Published: 13 October 2008



The leaves and the fruits from Syzygium jambolanum DC.(Myrtaceae), a plant known in Brazil as sweet olive or 'jambolão', have been used by native people to treat infectious diseases, diabetes, and stomachache. Since the bactericidal activity of S. jambolanum has been confirmed in vitro, the aim of this work was to evaluate the effect of the prophylactic treatment with S. jambolanum on the in vivo polymicrobial infection induced by cecal ligation and puncture (CLP) in mice.


C57Bl/6 mice were treated by the subcutaneous route with a hydroalcoholic extract from fresh leaves of S. jambolanum (HCE). After 6 h, a bacterial infection was induced in the peritoneum using the lethal CLP model. The mice were killed 12 h after the CLP induction to evaluate the cellular influx and local and systemic inflammatory mediators' production. Some animals were maintained alive to evaluate the survival rate.

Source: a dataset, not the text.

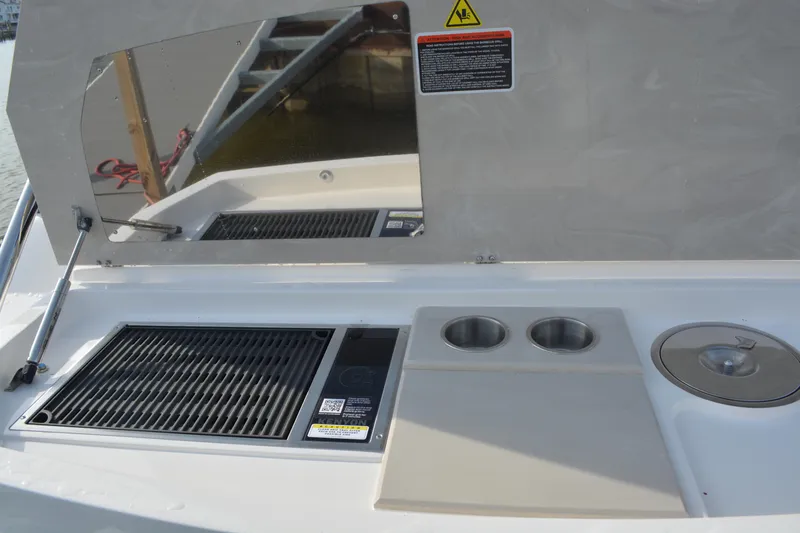 Slide: The Image of Outdoor kitchen area on 2026 NX Boats 360 Sport Coupe, featuring grill and cup holders. - 14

The prophylactic HCE treatment increased the mice survival, the neutrophil migration to infectious site, the spreading ability and the hydrogen peroxide release, but decreased the serum TNF and nitrite. Despite the increased migration and activation of peritoneal cells the HCE treatment did not decrease the number of CFU. The HCE treatment induced a significant decrease on the bone marrow cells number but did not alter the cell number of the spleen and lymph node.


We conclude that the treatment with S. jambolanum has a potent prophylactic anti-septic effect that is not associated to a direct microbicidal effect but it is associated to a recruitment of activated neutrophils to the infectious site and to a diminished systemic inflammatory response.